> _WHAT YOU ARE ASKED TO DO_
Repeat the data exactly. Pictures stay out.

(DATASET EXCERPT)

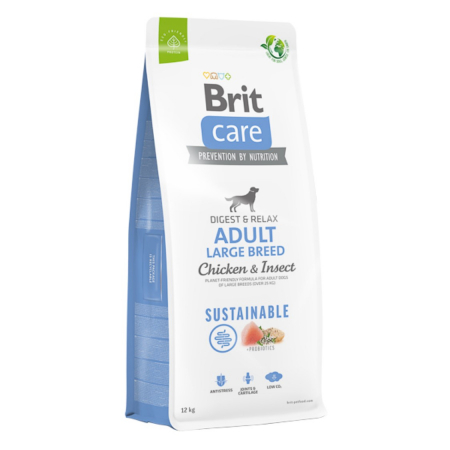 Hrana Uscata Caini - Brit Care Dog Sustainable Adult Large Breed 12 kg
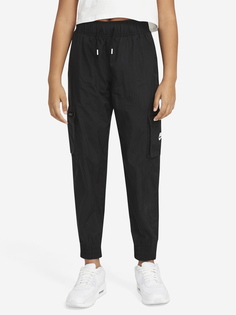 Брюки для девочек Nike Sportswear, Черный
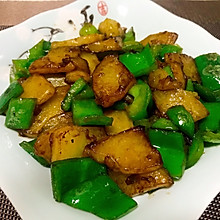 青椒炒土豆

(End DATASET EXCERPT)

> _RESPONSE TO THE EXERCISE_
 Hrana Uscata Caini - Brit Care Dog Sustainable Adult Large Breed 12 kg
 Брюки для девочек Nike Sportswear, Черный
 青椒炒土豆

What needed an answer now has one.